From the line that contains "Rumah 2 Lantai" through the last line of the data, copy everything exactly and nothing else, omitting the pictures.

----

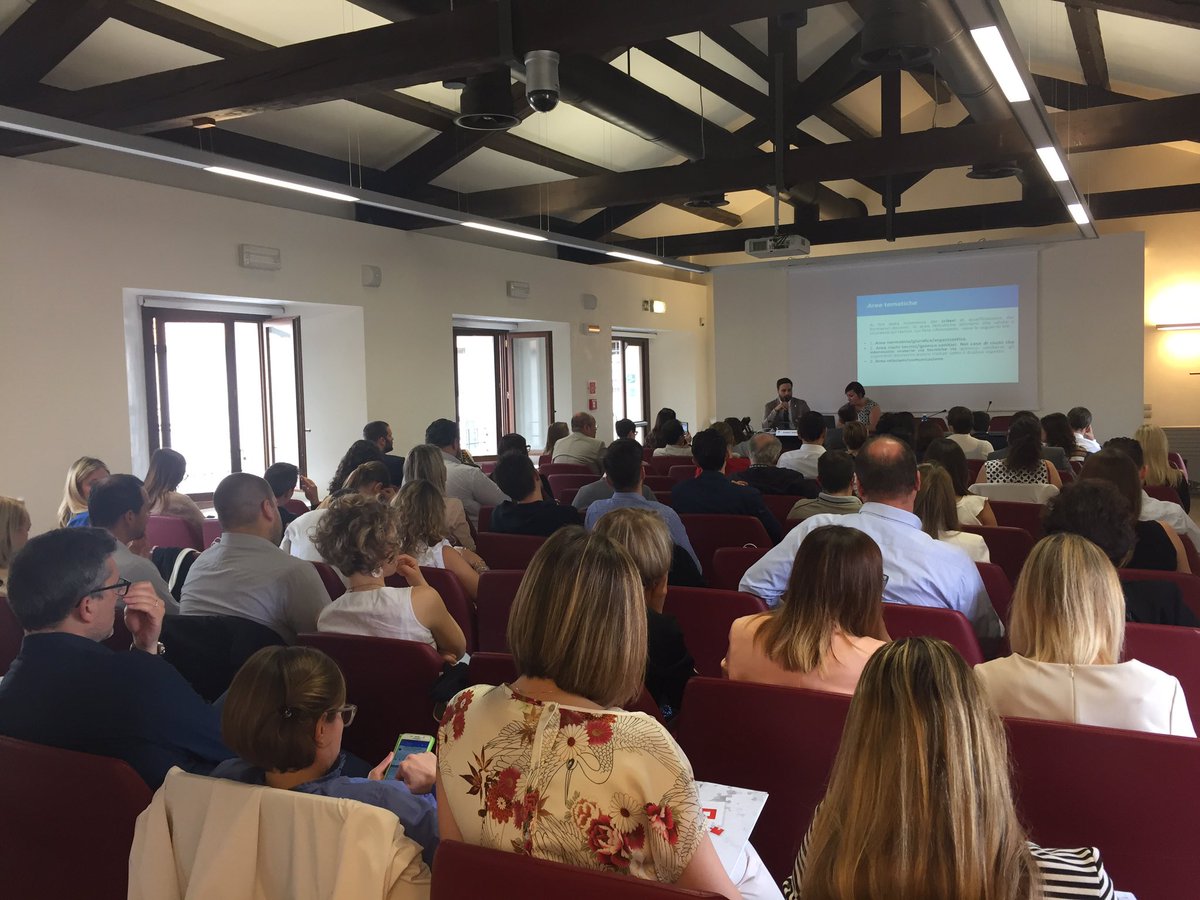 AGCdLBg's tweet photo. Lavori in corso! #meeting giovani cdl Lombardia e Triveneto #sicurezza @ANGCDL https://t.co/ozByiCKoXd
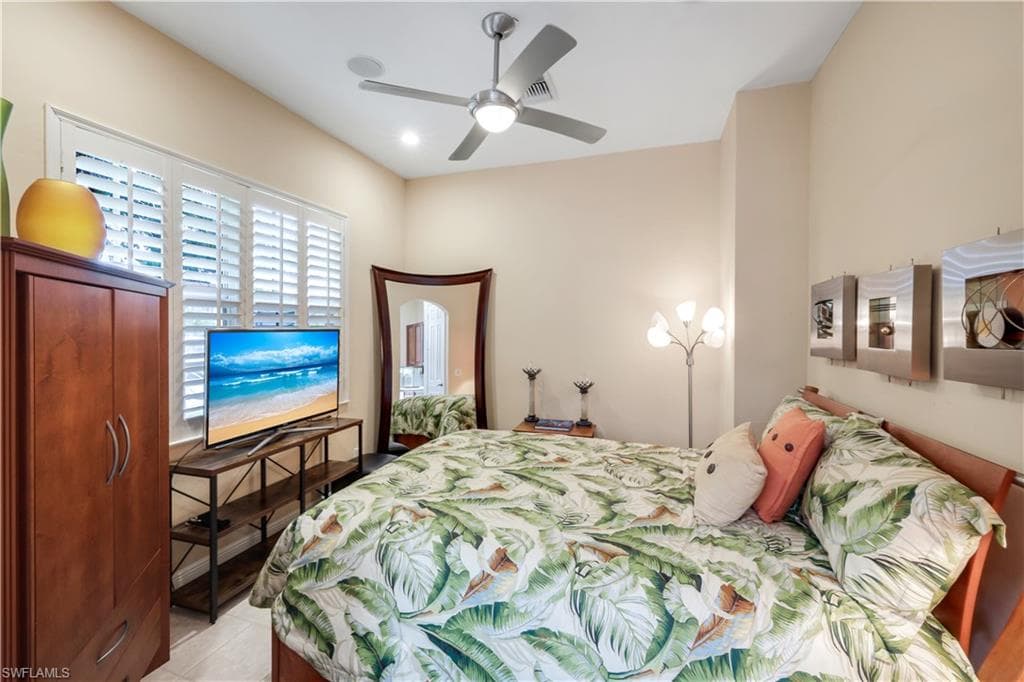 5661 Kensington LOOP-21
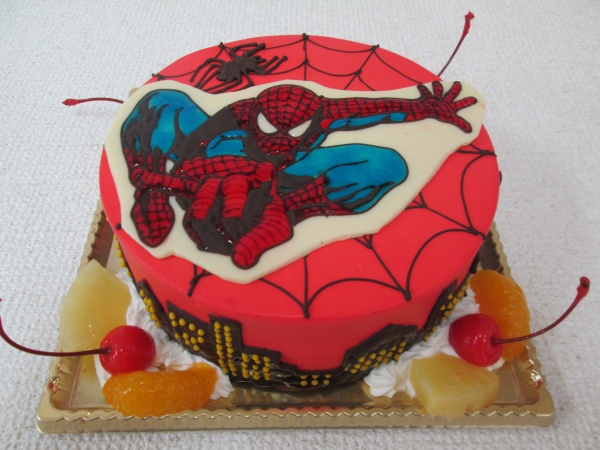 通販ケーキで スパイダーマンをプレートで ケーキ側面にビル群を描いて 大阪市東住吉区 パティスリーデコ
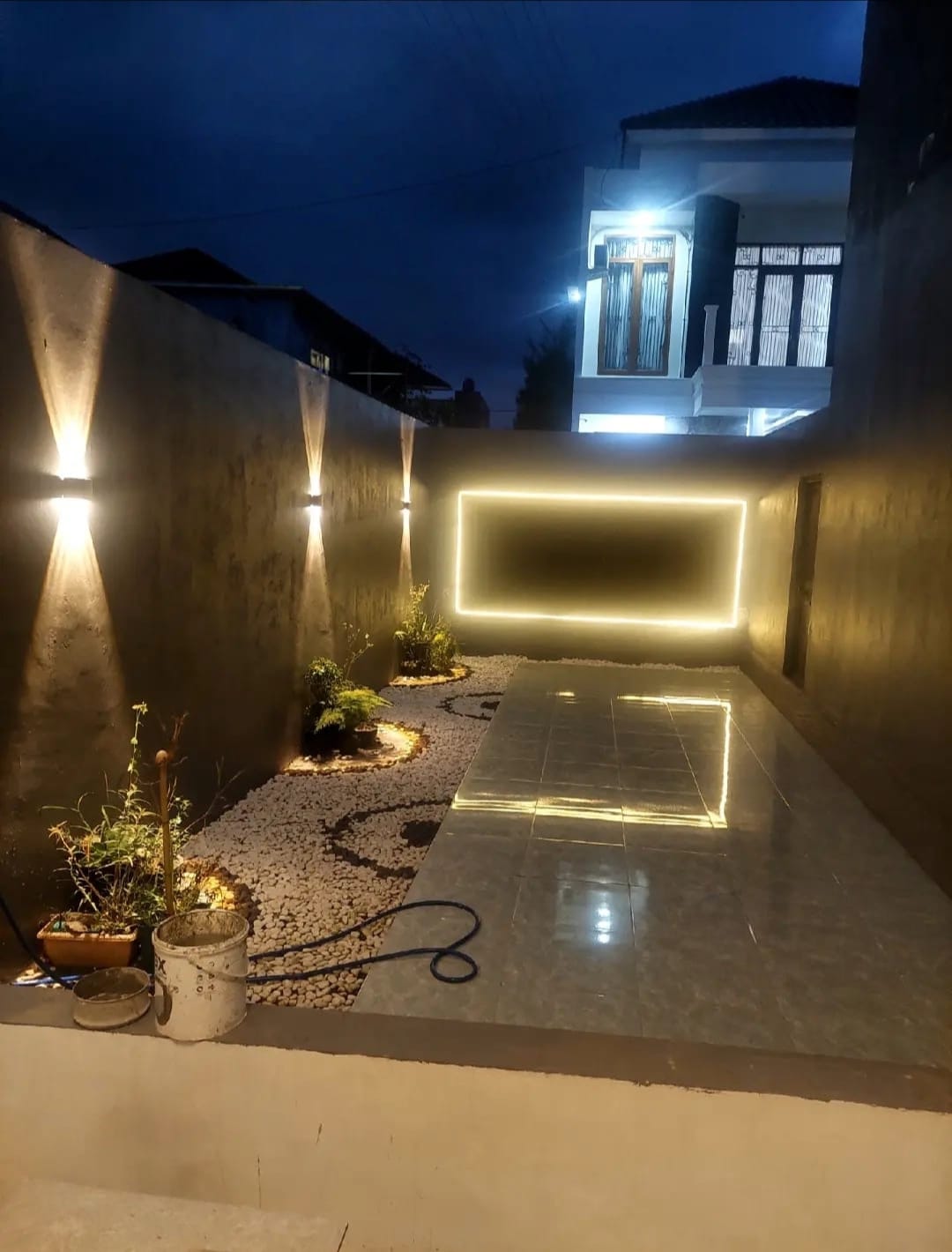 Rumah 2 Lantai 4 Kamar Lingkungan Tenang Area GOR dan UNSUD view 11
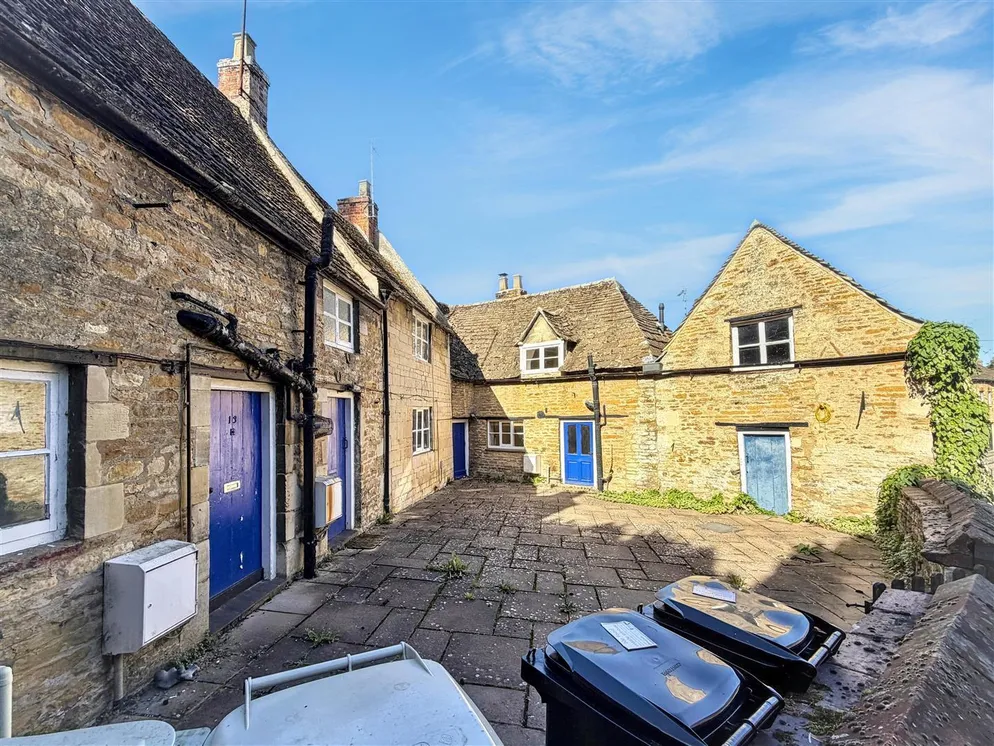 Property carousel item 23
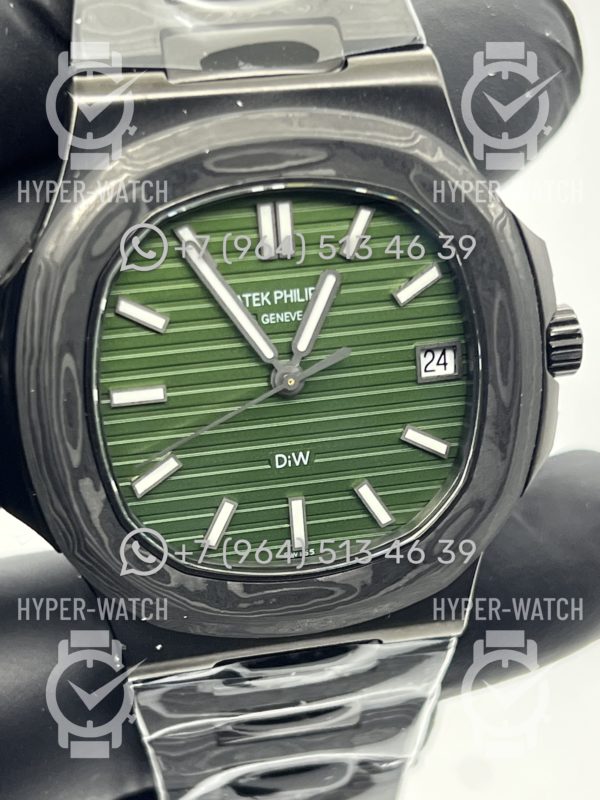 Товар Patek Philippe Nautilus 40mm DiW Carbon 5711 Green Фото 4 - Patek Philippe Nautilus 40mm DiW Carbon 5711 Green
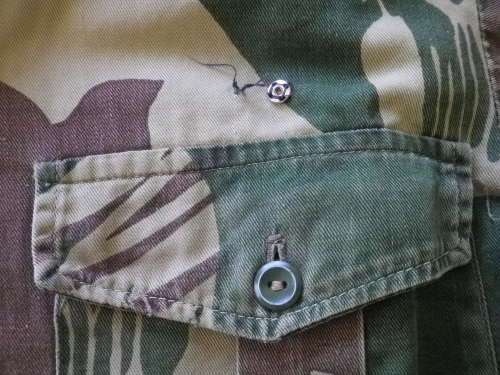 RHODESIAN ARMY L/ SLEEVE CAMO SHIRT - INNER SLEEVE 49CM/19.25" ARMPIT-ARMPIT 53CM/21" (3235)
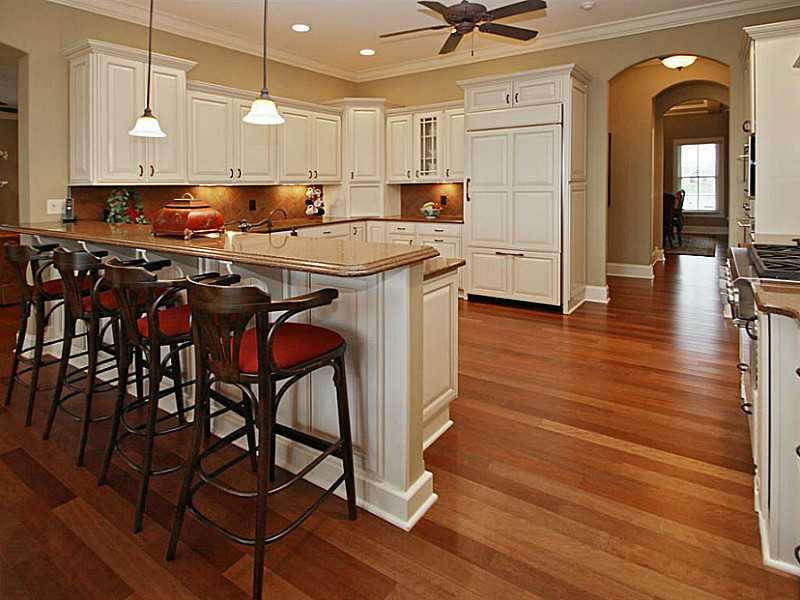 2079 Finchley Road Carmel, IN 46032 - Photo 8 of 24 Gallery Image 8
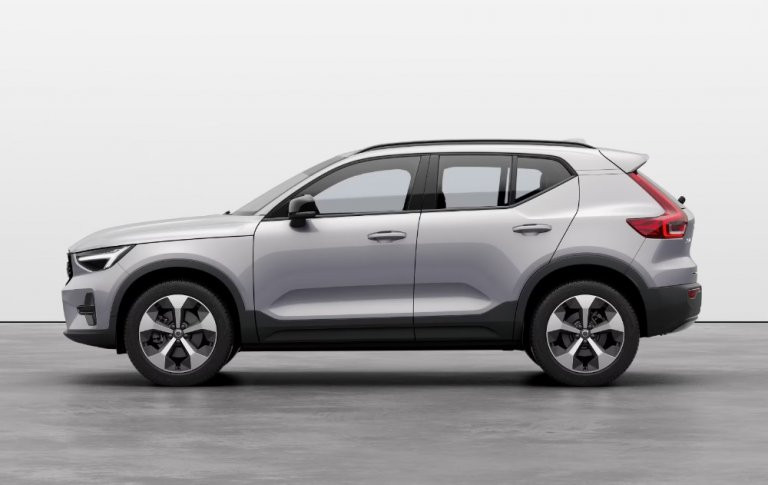 Bild 1: VOLVO PKW XC40 B3 Mild Hybrid Plus Dark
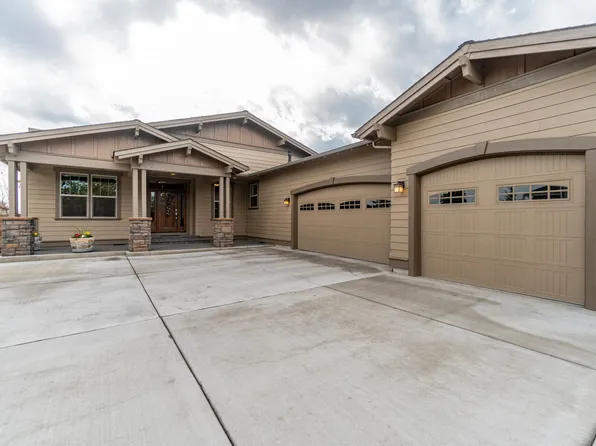 63101 Pikes Ct, Bend, OR 97701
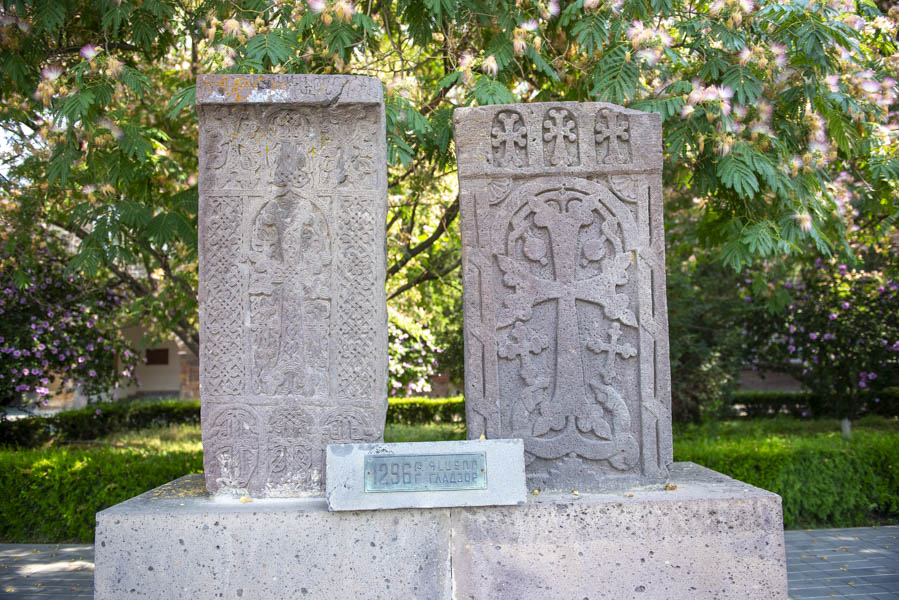 Эчмиадзинский монастырь, Эчмиадзин Эчмиадзинский монастырь, Эчмиадзин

----

Answer for the task:
 Rumah 2 Lantai 4 Kamar Lingkungan Tenang Area GOR dan UNSUD view 11
 Property carousel item 23
 Товар Patek Philippe Nautilus 40mm DiW Carbon 5711 Green Фото 4 - Patek Philippe Nautilus 40mm DiW Carbon 5711 Green
 RHODESIAN ARMY L/ SLEEVE CAMO SHIRT - INNER SLEEVE 49CM/19.25" ARMPIT-ARMPIT 53CM/21" (3235)
 2079 Finchley Road Carmel, IN 46032 - Photo 8 of 24 Gallery Image 8
 Bild 1: VOLVO PKW XC40 B3 Mild Hybrid Plus Dark
 63101 Pikes Ct, Bend, OR 97701
 Эчмиадзинский монастырь, Эчмиадзин Эчмиадзинский монастырь, Эчмиадзин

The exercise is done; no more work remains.